WHat do you think is the problem? i guess my router is not an issue neither my internet connection since i have a cable internet and my 2 computer just work fine.. but still i can't figure out why this laptop don't work. it has a 802.11g wireless card.. but it will never connect.

IS there a configuration that i need to set up and change to be able to access my wireless connection at home... please help


----------



## Cellus (Aug 31, 2006)

Can your laptop see your home wireless connection? Double-click the Wireless Network Connection icon in your system tray/notification area and click "Refresh network list". Your home wireless connection should appear on the list - click on the Connect button on the lower-right corner of the window to connect to it.
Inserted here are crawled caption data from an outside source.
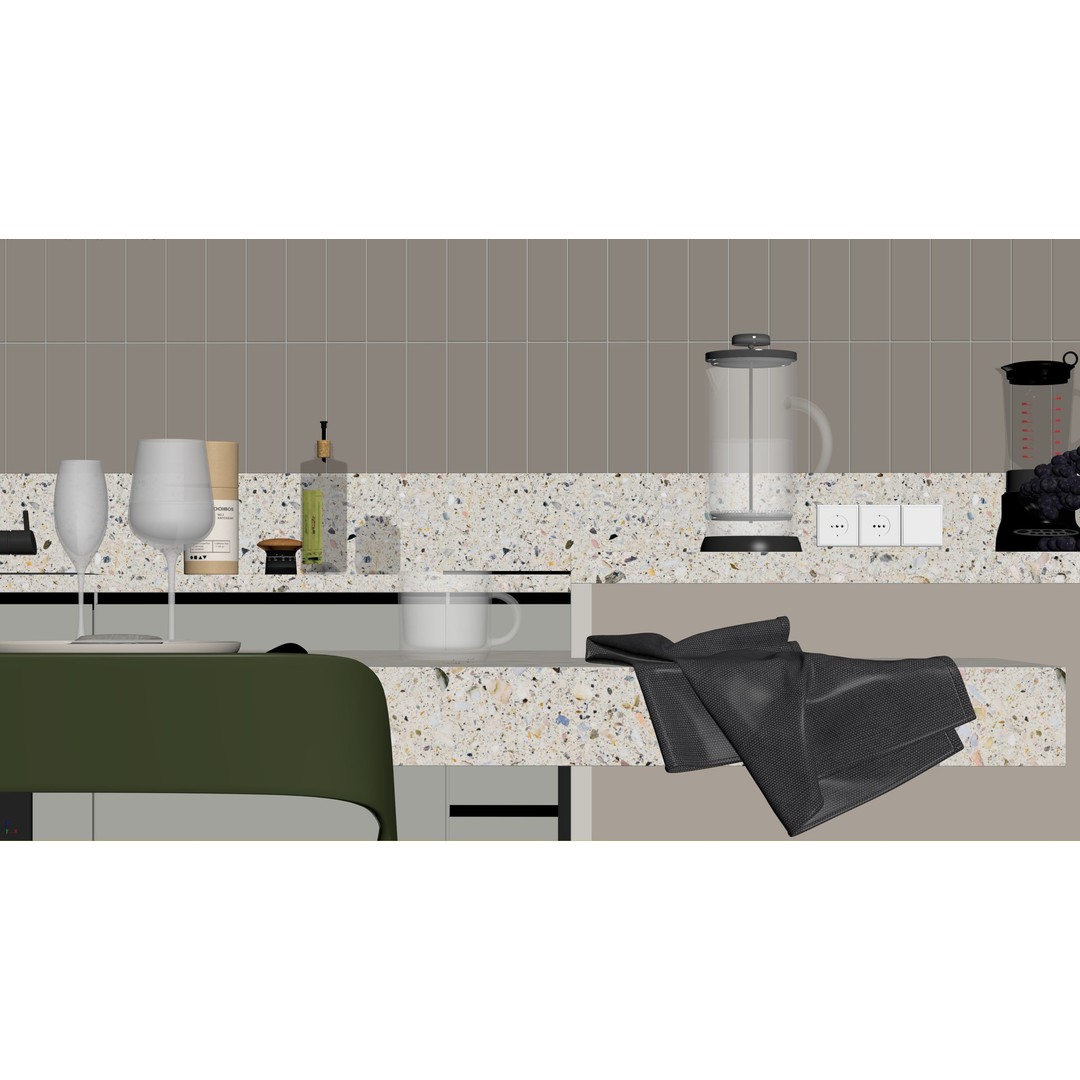 Modern Kitchen 3D Model – Minimalist Interior Design, Corona Render - View 26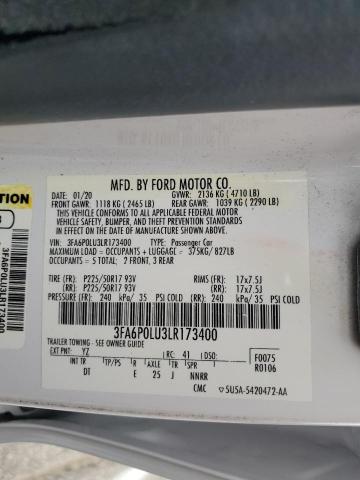 2020 FORD FUSION SE - 3FA6P0LU3LR173400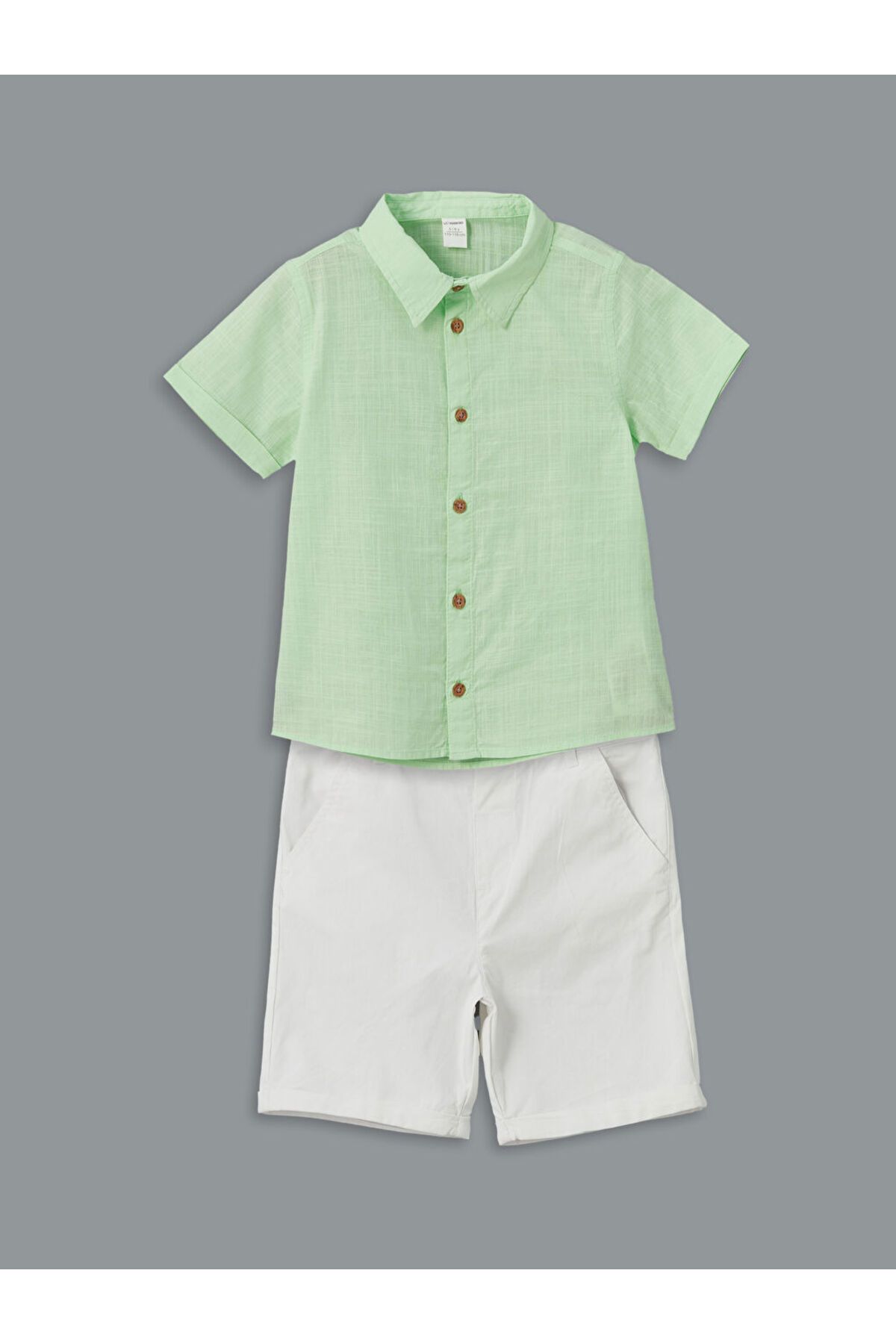 LC Waikiki Yeni Sezon Kisa Kollu Basic Erkek Bebek Gomlek ve Sort 2'li Takim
If you enter the properties of the home connection on your laptop you can set it as a preferred network and have it connect automatically so you don't have to do it yourself manually each time.


----------



## abjsweb (Sep 21, 2006)

No, this office laptop i have can't see the connection .... unlike my own personal laptop.. once i refresh the network list and i see connections available and just go ahead and connect... for some reason i don't know why this other laptop won't... but once i bring it back to work.. i have no problem connecting on the internet.. its just right there .. how do i set the ip configuration manually... if i need to do that... in which i'm wondering if i need to do it since that laptop has a wireless 802.11g... please advise

thank you for your response


----------



## johnwill (Sep 26, 2002)

Check the router's opitons and see if you have any proprietary "turbo" modes enabled, disable them if you do. I had to turn of 802.11b compatibility on my new router to make my laptop see it for some reason.


----------